Music

A Q&A With Amanda Palmer

“Amanda F**kin’ Palmer.”  So true.  There’s so much to admire about the woman and the way she’s conducted her indie career.

Palmer is one of the must-see presenters at TED2013, which is coming up in Long Beach, California, late next month.  Ahead of that, though, she has this Q&A in Billboard.

Have your thoughts on the value of music changed since your Kickstarter campaign?

Actually, in some ways, no, fundamentally. In some way my fundamental feeling about music is that it’s impossible to put a price tag on it. Human beings made music before they made a lot of other things, including tools. When you think about that and you think that music’s fundamental purpose is for human beings to share an experience with another human being, it gets really sticky to talk about the changing value of music because it’s so subjective and it’s so messy.

I grew up in that era where a new CD costs $15 and a used CD cost about $6.99 or less if you were lucky — or more if you weren’t — and we were raised to think that music has a solid, tangible price tag. And we didn’t do a whole of thinking — at least I didn’t when I was 15 years old — about the relationship between the $6.99 you’re spending on the CD and the person in there who’s writing the song and singing them. Who knows if this money is getting to [the Cure’s] Robert Smith and Simon Gallup? It doesn’t matter to me. I just want my CD and they’re rich, famous rock stars, of course, because everyone is buying their CDs. No one was even having a conversation about the pathway of the money you’re spending at your local record store and Robert Smith and his ability to go on tour and pay his rent. You just assumed it was being done in the shady backgrounds and somehow the system worked it out.

That whole system, year by year the curtain is gradually being torn away and the system is crumbling. Now the whole culture is being forced to face the artist. Oh my god, these are people with real lives and people with needs. It’s kind of a pain in the ass. You get the feeling that on a lot of days the audience for most music would kind of rather not be faced with the artist, especially because we’ve been educated to think that the artist are these special creatures are otherwordly and aren’t like us. That’s bullshit. An artist is not all that special. You are still — hopefully — living a life and doing a job and facing the same struggles that pretty much every other working person is facing.

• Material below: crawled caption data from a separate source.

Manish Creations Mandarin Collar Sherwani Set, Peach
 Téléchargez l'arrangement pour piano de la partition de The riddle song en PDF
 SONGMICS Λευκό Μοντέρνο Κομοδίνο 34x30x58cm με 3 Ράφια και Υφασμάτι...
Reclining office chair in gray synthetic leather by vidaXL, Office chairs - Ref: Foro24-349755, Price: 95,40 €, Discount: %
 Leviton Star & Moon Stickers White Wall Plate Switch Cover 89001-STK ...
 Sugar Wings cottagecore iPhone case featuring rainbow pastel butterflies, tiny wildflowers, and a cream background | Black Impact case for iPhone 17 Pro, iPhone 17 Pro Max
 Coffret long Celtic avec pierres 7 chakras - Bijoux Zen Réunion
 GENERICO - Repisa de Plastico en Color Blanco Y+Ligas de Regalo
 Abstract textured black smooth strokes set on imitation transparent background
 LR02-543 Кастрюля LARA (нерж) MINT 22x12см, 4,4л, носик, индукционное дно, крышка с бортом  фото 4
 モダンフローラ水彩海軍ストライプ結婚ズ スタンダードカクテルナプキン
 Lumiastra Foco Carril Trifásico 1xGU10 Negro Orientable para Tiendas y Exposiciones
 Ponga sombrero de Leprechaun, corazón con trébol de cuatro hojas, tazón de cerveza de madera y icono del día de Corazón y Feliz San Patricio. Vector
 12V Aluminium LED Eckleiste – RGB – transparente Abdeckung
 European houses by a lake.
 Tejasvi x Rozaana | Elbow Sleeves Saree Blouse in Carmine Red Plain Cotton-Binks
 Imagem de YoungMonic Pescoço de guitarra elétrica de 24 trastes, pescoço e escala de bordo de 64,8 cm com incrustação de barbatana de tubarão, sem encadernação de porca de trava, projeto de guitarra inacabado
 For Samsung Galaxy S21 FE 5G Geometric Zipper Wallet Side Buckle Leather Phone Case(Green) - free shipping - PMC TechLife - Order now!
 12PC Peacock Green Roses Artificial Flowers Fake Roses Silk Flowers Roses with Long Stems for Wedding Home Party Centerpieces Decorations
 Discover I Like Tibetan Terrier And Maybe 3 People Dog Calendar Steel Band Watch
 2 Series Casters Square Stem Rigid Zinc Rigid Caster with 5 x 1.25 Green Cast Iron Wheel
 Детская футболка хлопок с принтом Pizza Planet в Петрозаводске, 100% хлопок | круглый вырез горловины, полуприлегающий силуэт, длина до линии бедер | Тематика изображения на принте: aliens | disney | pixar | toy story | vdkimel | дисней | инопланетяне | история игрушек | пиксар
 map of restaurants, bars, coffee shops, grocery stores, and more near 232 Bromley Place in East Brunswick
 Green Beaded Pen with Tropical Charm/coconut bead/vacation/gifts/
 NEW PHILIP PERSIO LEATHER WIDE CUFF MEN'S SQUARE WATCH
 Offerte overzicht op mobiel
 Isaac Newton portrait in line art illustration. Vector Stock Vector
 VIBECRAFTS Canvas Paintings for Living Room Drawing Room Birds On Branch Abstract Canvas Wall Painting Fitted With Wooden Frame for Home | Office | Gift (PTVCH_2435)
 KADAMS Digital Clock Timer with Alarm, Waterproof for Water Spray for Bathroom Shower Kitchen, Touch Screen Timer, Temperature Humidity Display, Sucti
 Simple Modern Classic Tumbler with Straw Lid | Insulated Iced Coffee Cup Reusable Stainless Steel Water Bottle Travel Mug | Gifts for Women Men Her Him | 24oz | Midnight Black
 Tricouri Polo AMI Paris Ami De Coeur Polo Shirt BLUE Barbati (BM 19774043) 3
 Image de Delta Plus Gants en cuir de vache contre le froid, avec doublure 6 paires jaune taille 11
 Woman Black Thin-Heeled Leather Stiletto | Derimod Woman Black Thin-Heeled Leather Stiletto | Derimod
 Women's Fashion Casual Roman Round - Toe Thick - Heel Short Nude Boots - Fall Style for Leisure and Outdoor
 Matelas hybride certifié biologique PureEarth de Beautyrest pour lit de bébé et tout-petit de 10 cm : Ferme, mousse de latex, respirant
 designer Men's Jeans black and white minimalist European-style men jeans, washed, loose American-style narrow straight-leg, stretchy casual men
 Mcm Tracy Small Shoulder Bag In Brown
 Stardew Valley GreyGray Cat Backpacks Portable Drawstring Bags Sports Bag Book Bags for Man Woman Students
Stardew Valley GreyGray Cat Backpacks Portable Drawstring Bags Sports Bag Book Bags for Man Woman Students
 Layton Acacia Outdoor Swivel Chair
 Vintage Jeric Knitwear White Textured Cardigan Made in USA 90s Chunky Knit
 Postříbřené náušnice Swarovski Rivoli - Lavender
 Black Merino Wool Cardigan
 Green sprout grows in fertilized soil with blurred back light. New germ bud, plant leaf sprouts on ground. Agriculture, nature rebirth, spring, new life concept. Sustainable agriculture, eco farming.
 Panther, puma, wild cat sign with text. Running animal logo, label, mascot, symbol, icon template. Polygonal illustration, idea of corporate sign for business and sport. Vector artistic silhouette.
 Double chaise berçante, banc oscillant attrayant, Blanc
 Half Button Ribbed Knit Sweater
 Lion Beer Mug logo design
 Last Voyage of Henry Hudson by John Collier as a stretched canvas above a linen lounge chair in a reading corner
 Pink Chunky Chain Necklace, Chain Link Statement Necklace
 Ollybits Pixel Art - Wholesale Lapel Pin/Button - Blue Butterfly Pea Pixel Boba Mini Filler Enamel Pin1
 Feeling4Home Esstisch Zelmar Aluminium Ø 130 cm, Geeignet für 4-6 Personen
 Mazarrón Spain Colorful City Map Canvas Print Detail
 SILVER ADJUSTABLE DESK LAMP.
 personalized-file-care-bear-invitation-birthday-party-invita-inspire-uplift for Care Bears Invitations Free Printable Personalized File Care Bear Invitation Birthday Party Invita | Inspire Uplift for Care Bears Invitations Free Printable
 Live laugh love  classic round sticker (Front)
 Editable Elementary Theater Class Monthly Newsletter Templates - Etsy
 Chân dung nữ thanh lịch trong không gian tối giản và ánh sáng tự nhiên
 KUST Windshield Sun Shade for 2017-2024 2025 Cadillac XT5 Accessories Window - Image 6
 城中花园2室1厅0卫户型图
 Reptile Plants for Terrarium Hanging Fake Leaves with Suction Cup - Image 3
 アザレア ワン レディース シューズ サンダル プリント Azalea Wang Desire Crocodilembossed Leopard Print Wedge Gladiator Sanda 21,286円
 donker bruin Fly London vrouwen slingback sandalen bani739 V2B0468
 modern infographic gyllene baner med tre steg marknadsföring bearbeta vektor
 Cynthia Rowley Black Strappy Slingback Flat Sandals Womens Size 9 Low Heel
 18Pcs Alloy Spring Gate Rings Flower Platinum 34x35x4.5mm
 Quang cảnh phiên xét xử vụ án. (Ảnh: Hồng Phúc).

One of the best things about Kickstarter and crowdfunding and the collapse of the music business is a lot of artists like me have been forced to face our own weird mess about ourselves and what we thought it meant to become musicians. That’s a conversation everyone’s having: all of my artist friends, all of my musician friends.

Continue reading.

 

Alan Cross

is an internationally known broadcaster, interviewer, writer, consultant, blogger and speaker. In his 40+ years in the music business, Alan has interviewed the biggest names in rock, from David Bowie and U2 to Pearl Jam and the Foo Fighters. He’s also known as a musicologist and documentarian through programs like The Ongoing History of New Music.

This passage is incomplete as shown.